GOAL OF THE EXERCISE => Return exactly, please, the lines from the one containing "LOVE - Fa kulcstartó" to the last line of the entries below, and nothing else, leaving pictures out.

[Records from a dataset]
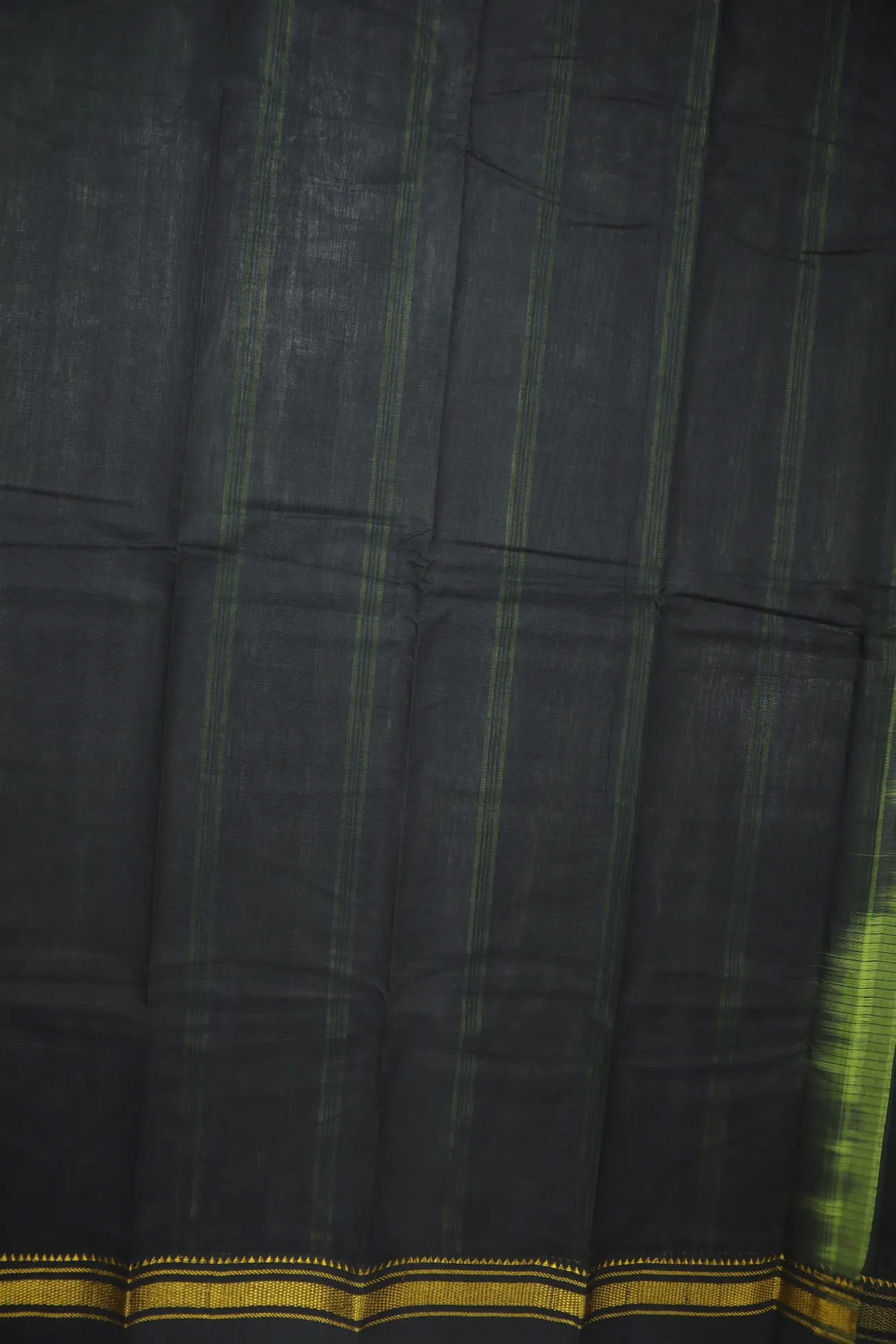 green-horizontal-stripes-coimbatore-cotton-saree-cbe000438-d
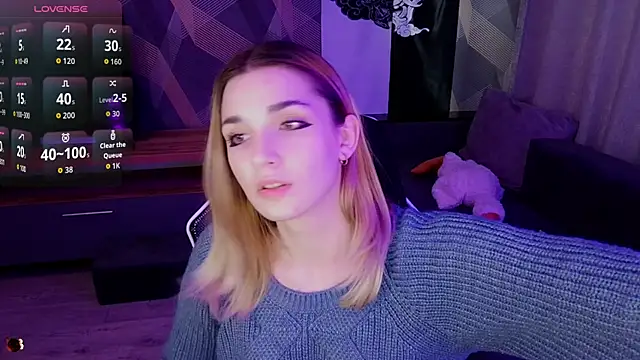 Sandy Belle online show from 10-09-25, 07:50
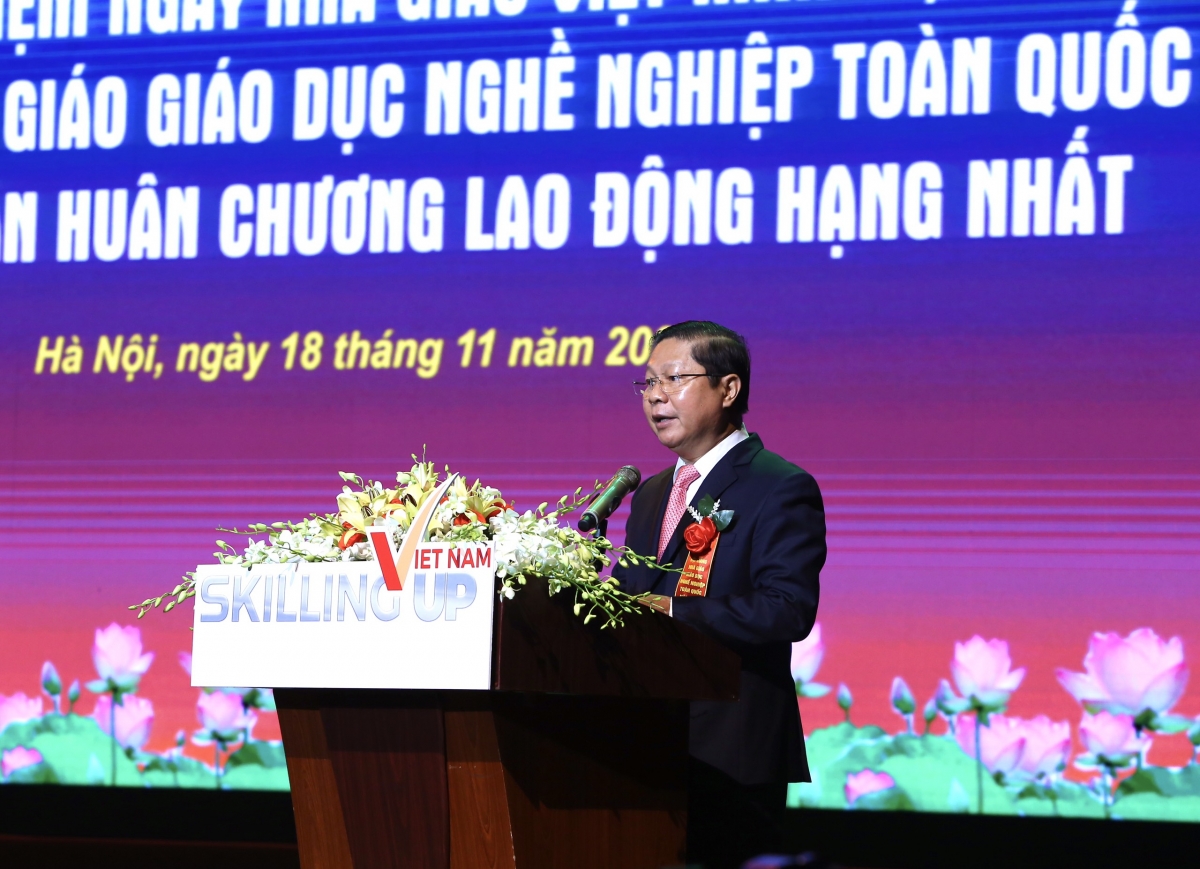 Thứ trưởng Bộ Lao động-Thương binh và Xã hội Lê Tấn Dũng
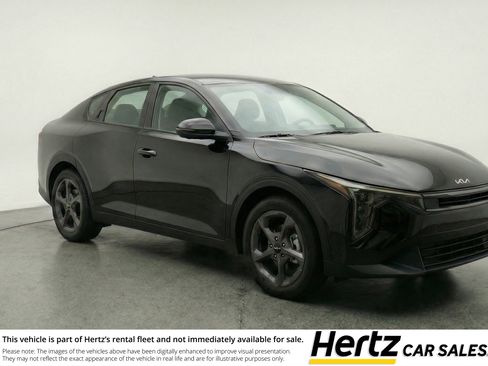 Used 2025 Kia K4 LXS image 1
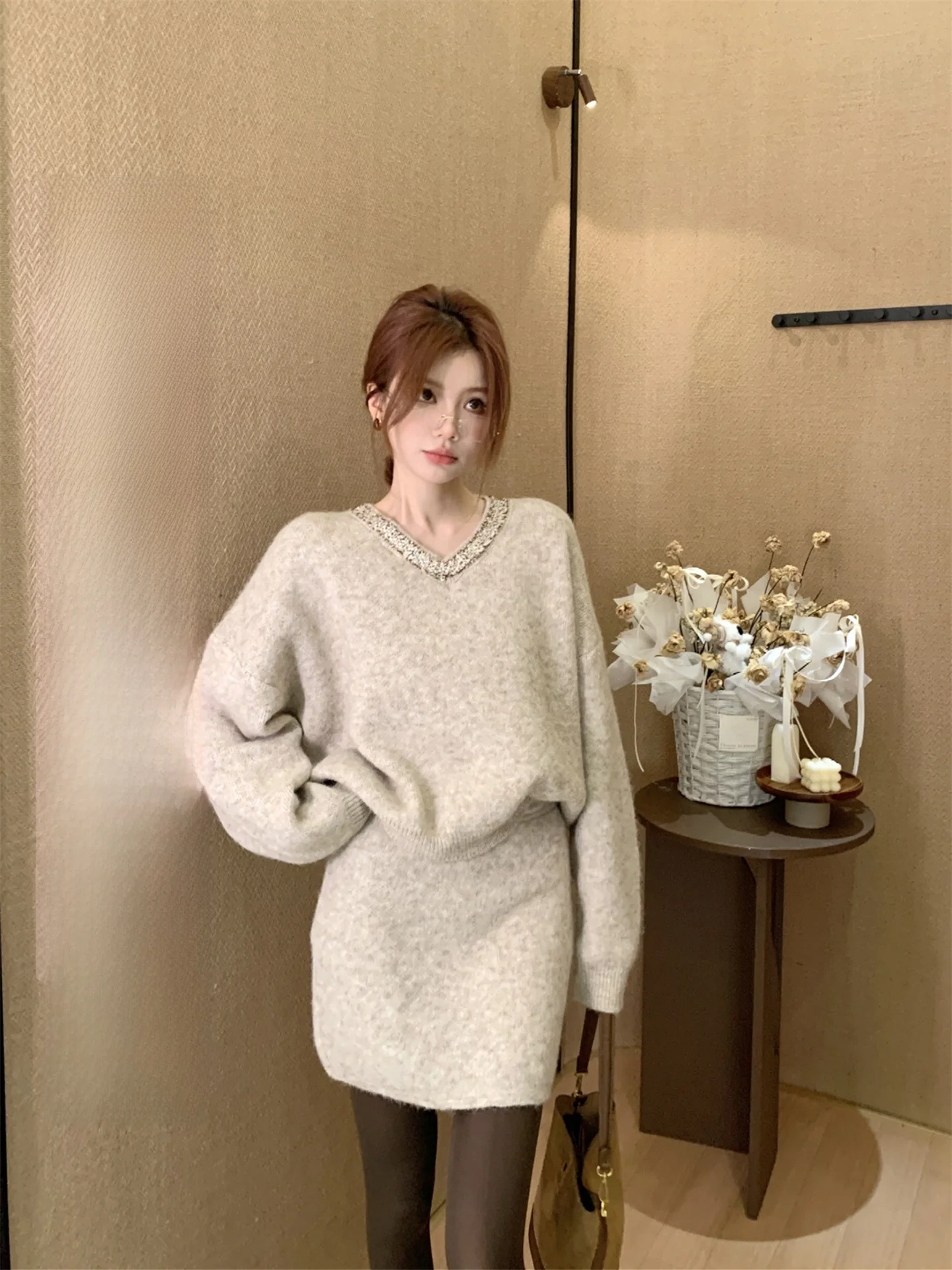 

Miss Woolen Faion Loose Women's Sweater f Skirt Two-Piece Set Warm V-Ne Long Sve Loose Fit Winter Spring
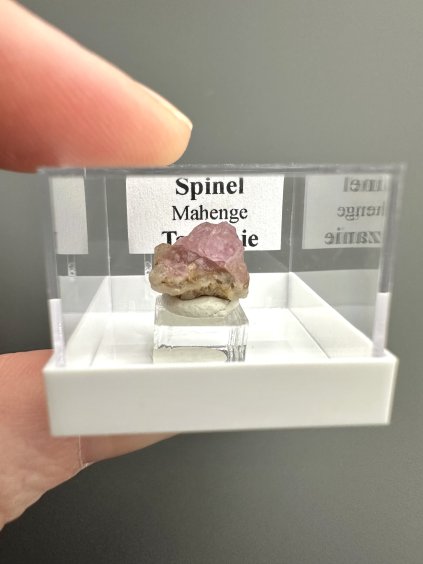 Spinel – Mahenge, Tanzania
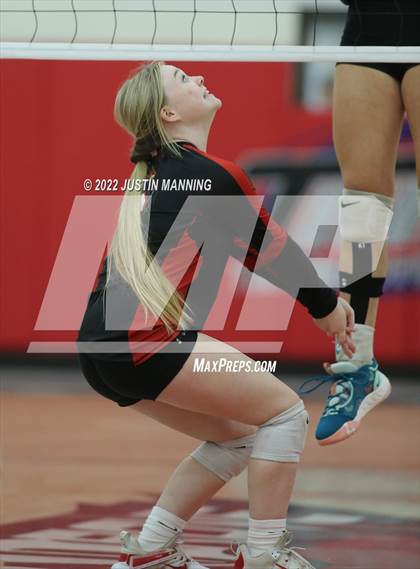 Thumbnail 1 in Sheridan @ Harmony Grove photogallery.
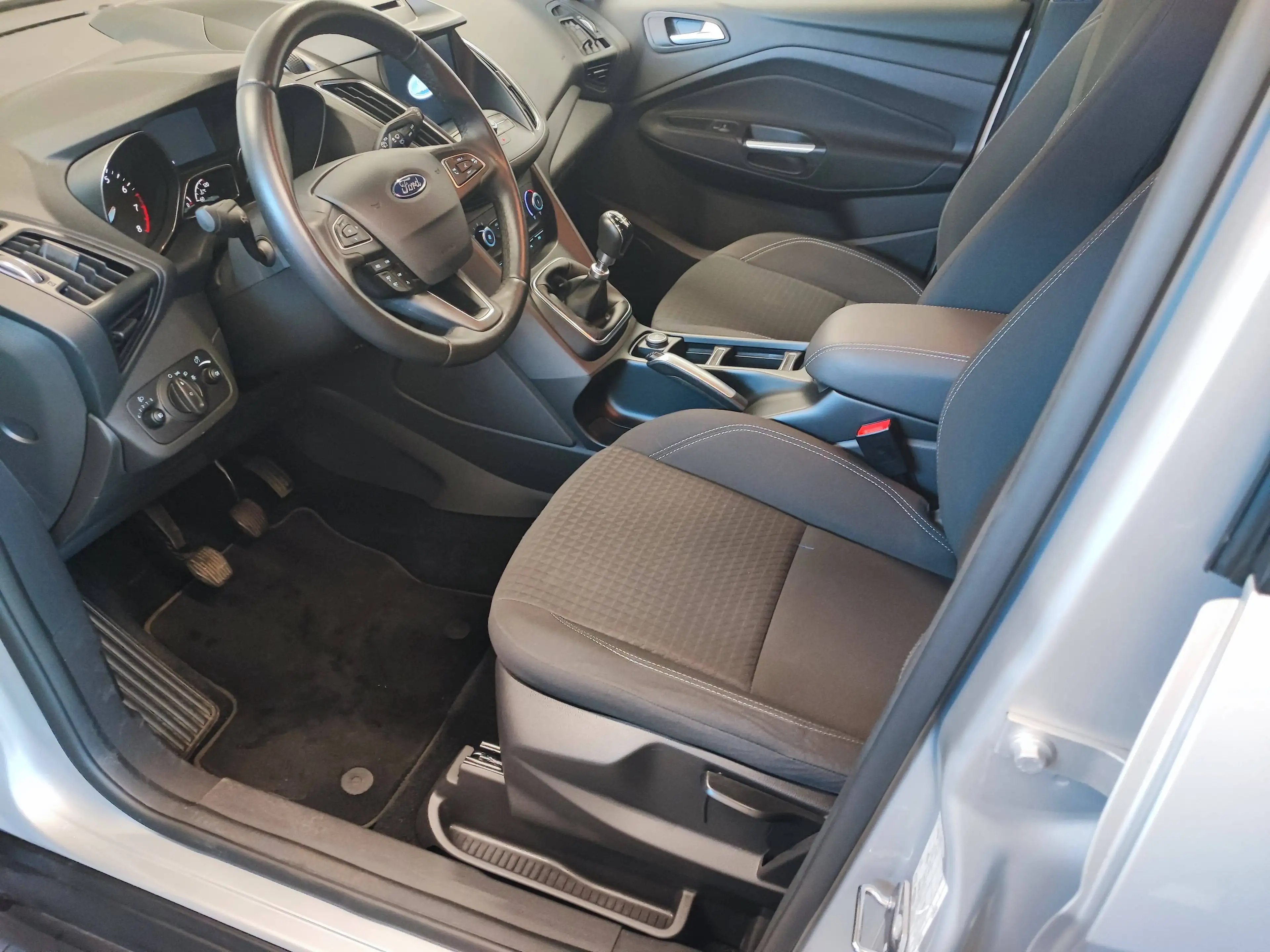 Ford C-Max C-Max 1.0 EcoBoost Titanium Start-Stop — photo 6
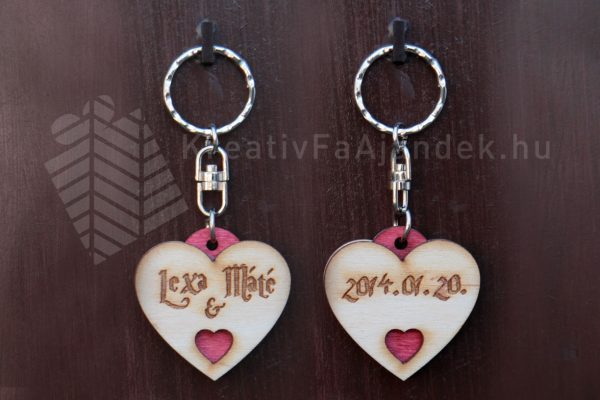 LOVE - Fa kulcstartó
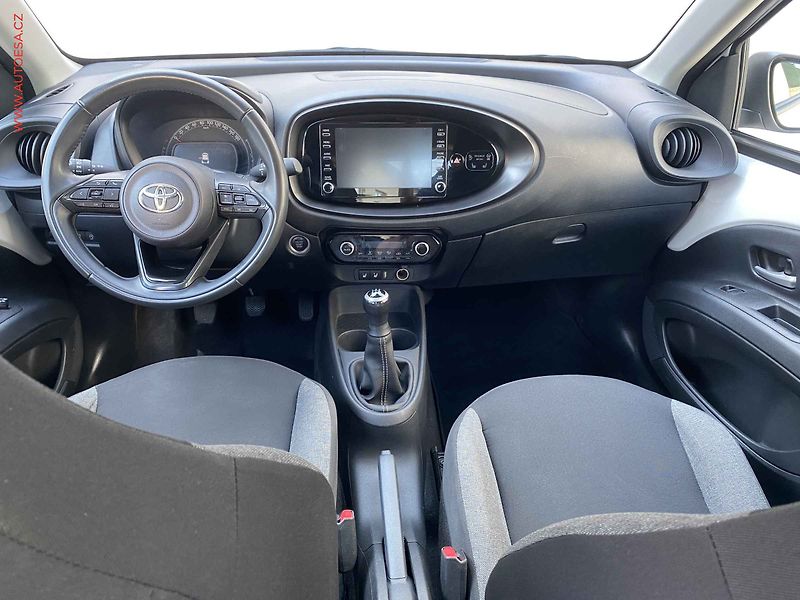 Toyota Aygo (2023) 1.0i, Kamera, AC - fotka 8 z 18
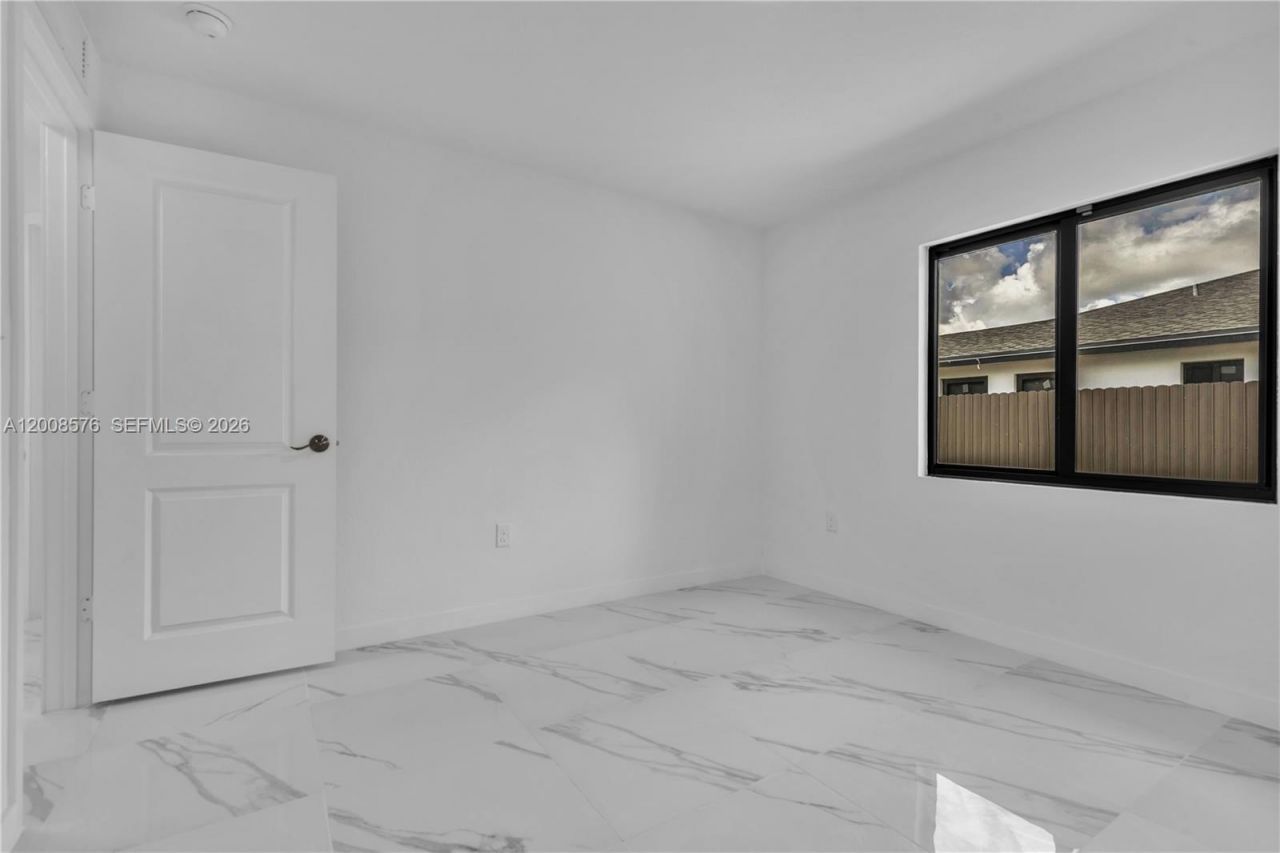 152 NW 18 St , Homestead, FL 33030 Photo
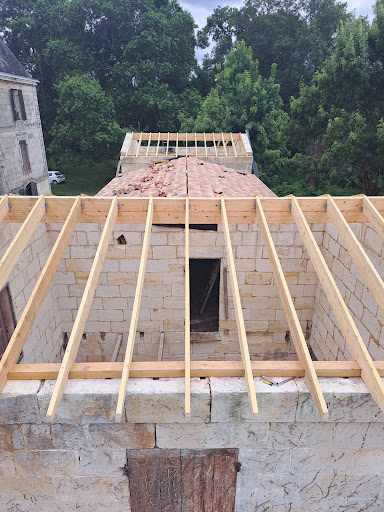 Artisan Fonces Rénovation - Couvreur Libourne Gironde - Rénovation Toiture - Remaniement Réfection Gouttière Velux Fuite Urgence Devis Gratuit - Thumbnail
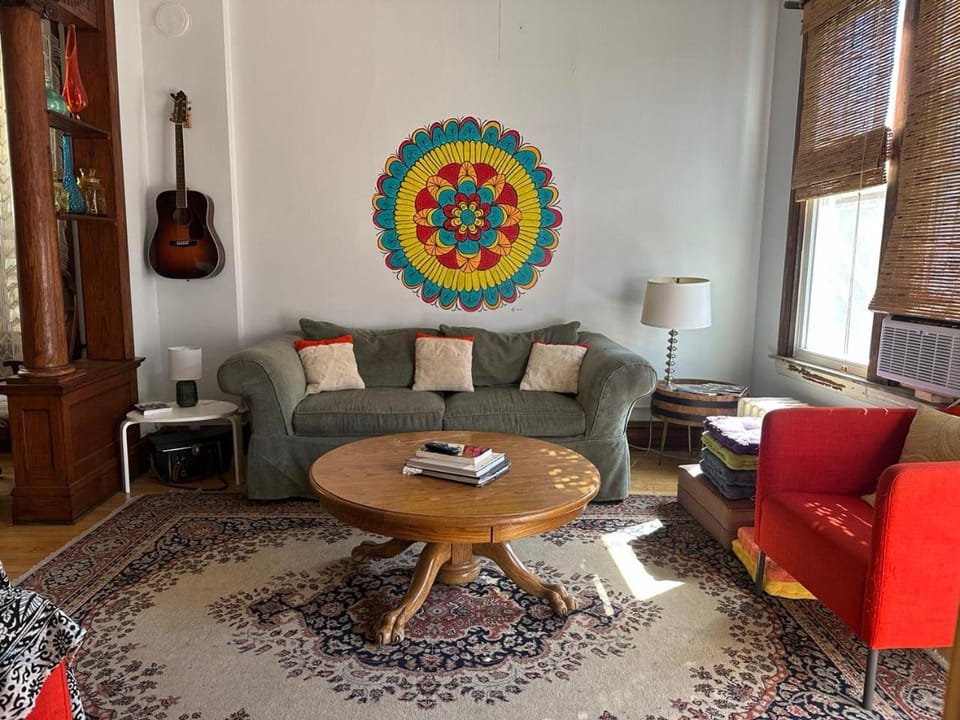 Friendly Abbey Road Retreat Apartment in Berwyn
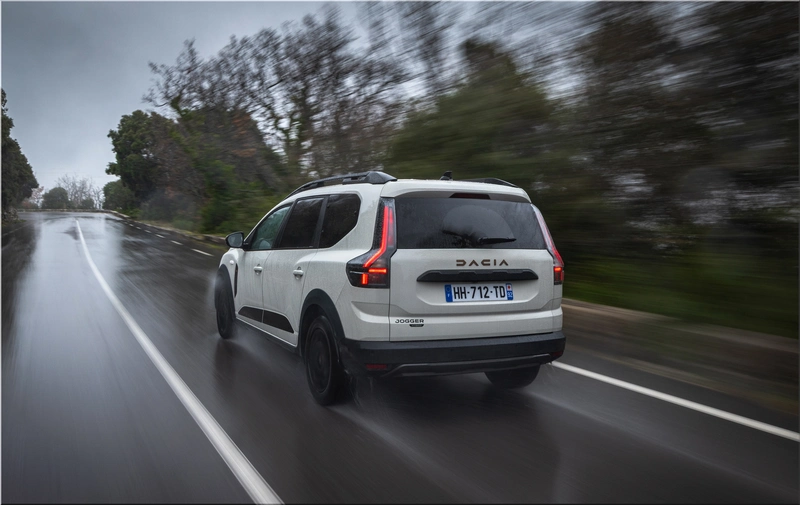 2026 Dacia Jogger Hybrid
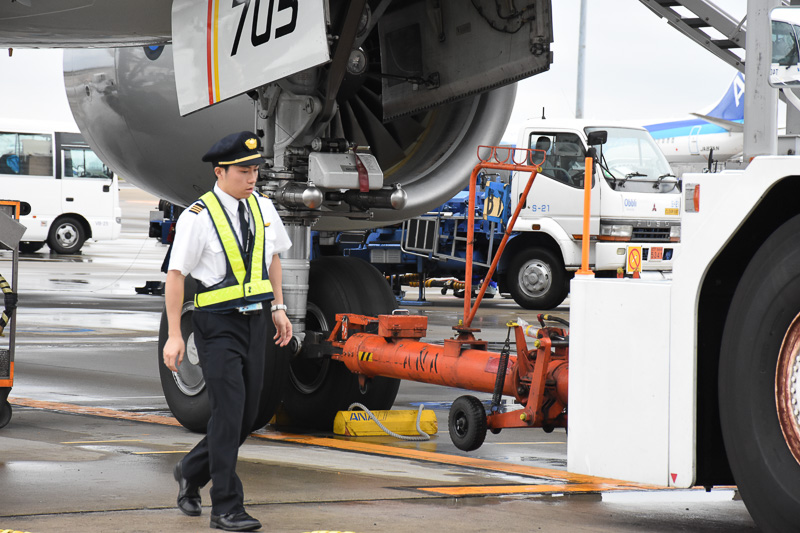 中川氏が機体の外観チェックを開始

WRITTEN RESPONSE =>
 LOVE - Fa kulcstartó
 Toyota Aygo (2023) 1.0i, Kamera, AC - fotka 8 z 18
 152 NW 18 St , Homestead, FL 33030 Photo
 Artisan Fonces Rénovation - Couvreur Libourne Gironde - Rénovation Toiture - Remaniement Réfection Gouttière Velux Fuite Urgence Devis Gratuit - Thumbnail
 Friendly Abbey Road Retreat Apartment in Berwyn
 2026 Dacia Jogger Hybrid
 中川氏が機体の外観チェックを開始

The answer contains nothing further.